Nueva York/West River Drive
Jueves/23.00 horas, horario de la Costa Este
Sqweegel pagó al taxista y le dijo que se quedara con el cambio. Un momento después, el sucio Crown Vic amarillo se alejó y dejó su pasajero en la última acera del extremo oeste de Manhattan. El conductor se había pasado todo el trayecto escuchando basura en la radio. Si Sqweegel no hubiera tenido otros planes, habría pagado por su indiscreción. Quizá lo habría atado en algún sitio y le habría taladrado un par de agujeros en los oídos, liberándolos para que escucharan sonidos divinos. El divino silencio.
Pero no tenía tiempo para aquello. Los caballos lo esperaban. Y su cazador, que seguía devanándose los sesos en la otra costa, se perdería si no recibía pronto otro mensaje.
Al otro lado del Hudson parpadeaban las luces de la orilla de Jersey. A Sqweegel le gustaba darle la espalda a los zigurats de Nueva York. Mucha gente los adoraba ciegamente. A él únicamente le resultaban útiles porque le proporcionaban infinitos lugares en los que esconderse. Si quisiera, podría desaparecer entre las estructuras de hormigón de Manhattan durante diez o veinte años sin que nadie llegara a descubrir adonde había ido. Y, mientras tanto, él permanecería al acecho. Como un ángel.
Aquella noche, sin embargo, no buscaba un escondite.
Sqweegel dejó la acera y se internó por un sendero de tierra. Iba ataviado como un soldado recién llegado de Afganistán con un permiso de fin de semana: botas de combate, pantalones de camuflaje, chaleco blindado, capucha, gorra negra, gafas de sol. Un poco militar, un poco Brooklyn. Nadie le prestaría demasiada atención.
Tampoco se preguntarían por la caja de cartón blanca y rectangular que llevaba bajo el brazo. Flores para mamá; o quizá para su novia. Una docena de rosas recién cortadas para decir: «Espero que no te hayas estado tirando a nadie mientras a mí me disparaban en el culo en el Hindú Kush».
Al final del sendero había una cerca de madera con alambre de espino en lo alto. En la entrada había un letrero de madera con un texto grabado. La pintura dorada que llenaba los trazos estaba algo desvaída.
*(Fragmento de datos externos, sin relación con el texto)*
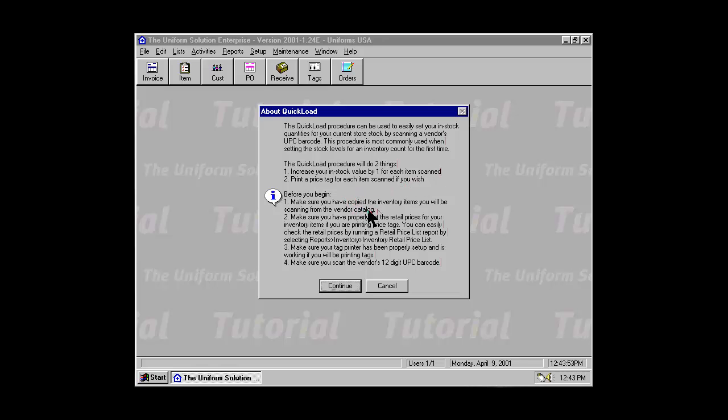Before you begin, make sure you've copied the inventory items you'll be scanning and set the retail prices. Make sure your tag printer has been set up and is working properly. And make sure you scan the vendor's 12-digit UPC barcode. Sometimes there are other barcodes on the garment itself, so make sure you're actually scanning the UPC barcode.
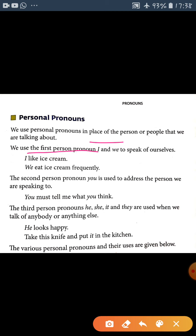In the first person, we use the pronouns 'I' and 'we' to speak of ourselves. Yani khud baat karne wala first person ki category mein aata hai. Just like: I, we — these are the first person pronouns.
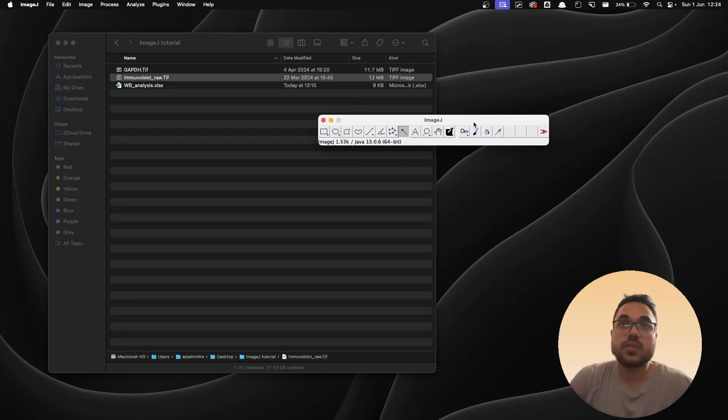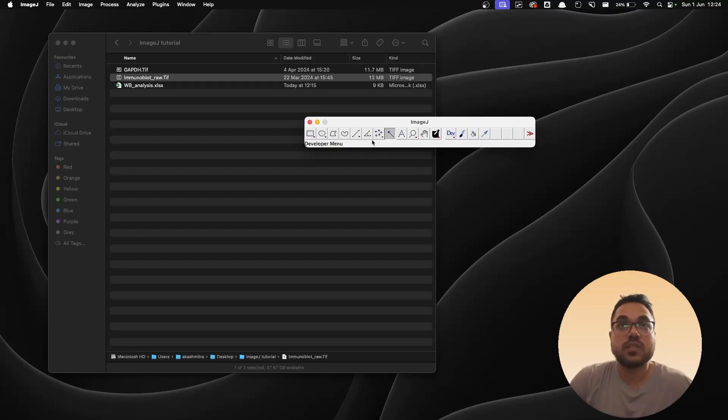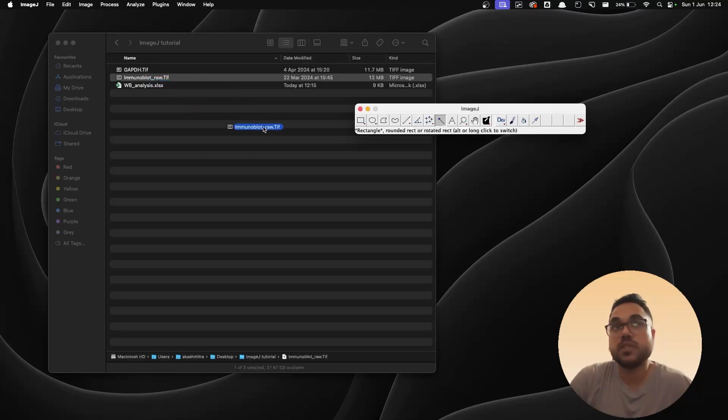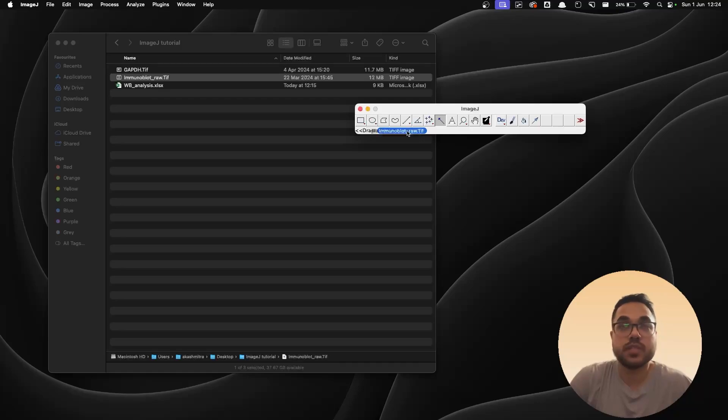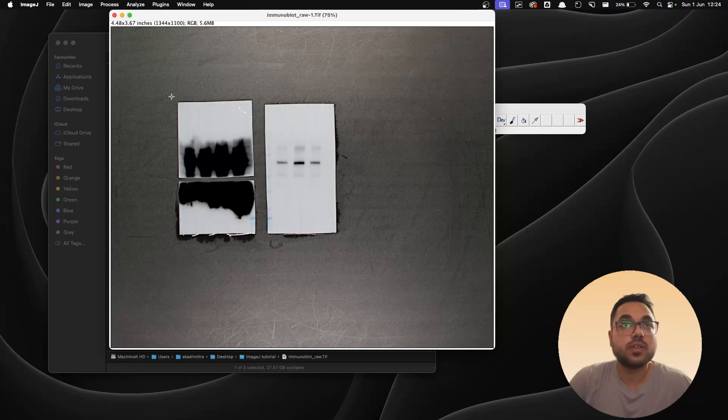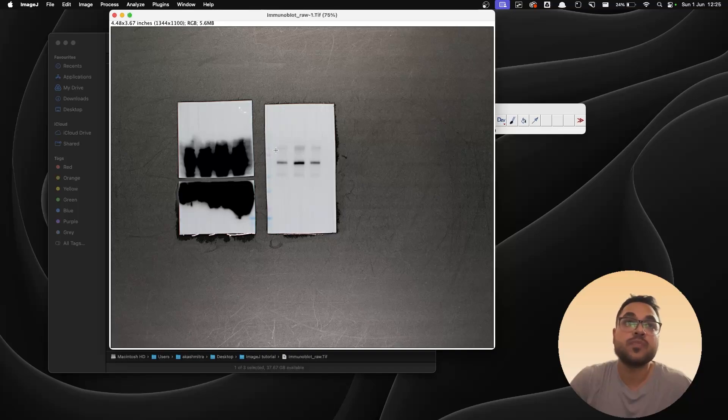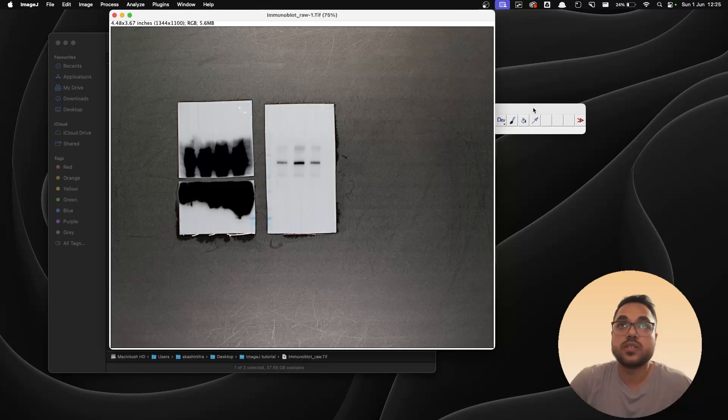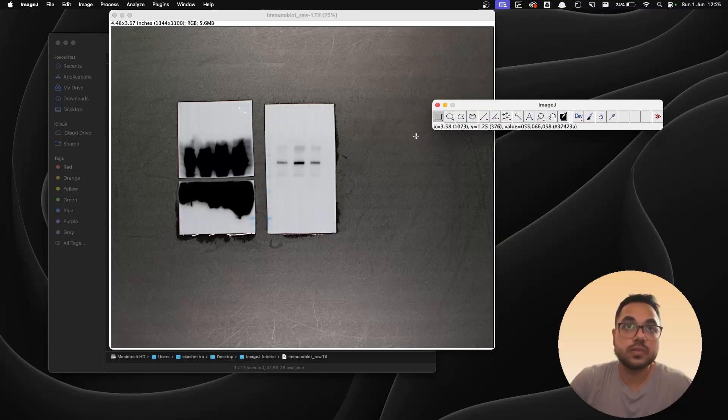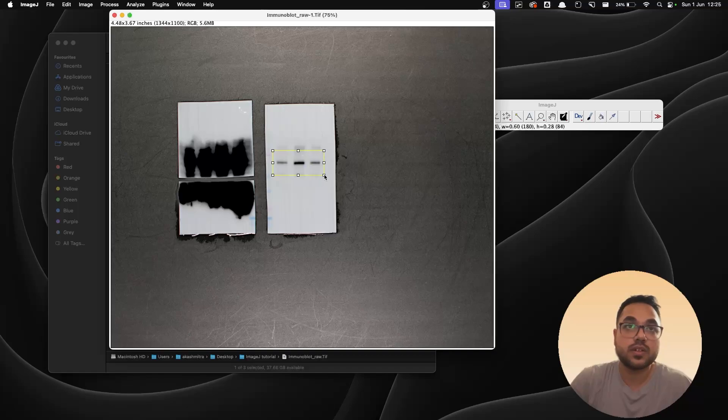We need ImageJ for this, so I've already launched ImageJ and there's the toolbar. I'm going to open up my blot inside ImageJ by dragging the blot onto the ImageJ toolbar. This opens this up. Now just ignore the left blot because it is very overexposed. We're gonna work with the right one. So in order to separate that out, I'm going to crop this. To do that, I'm going to take the rectangle tool and I'm going to create a selection around the lanes of the blots.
POLICÍA MONTADA DE NUEVA YORK
Un pequeño toque rústico en una isla de cristal, plástico y metal reluciente. Sqweegel lo admiraba, a su pesar. A veces la gente se esforzaba tanto en aparentar lo que no era…
Deslizó la caja de flores por debajo del último listón hasta que estuvo al otro lado de la cerca. Luego se quitó el chaleco blindado y lo puso encima del alambre de espino. Con gran velocidad, trepó por la verja, pasó por encima del alambre y recogió su chaleco al alcanzar el suelo. Sus movimientos fueron tan fluidos y rápidos que, de haber habido alguien mirando —aunque no había nadie—, se habría frotado los ojos y habría insistido en ver la repetición para asegurarse de que no sufría alucinaciones.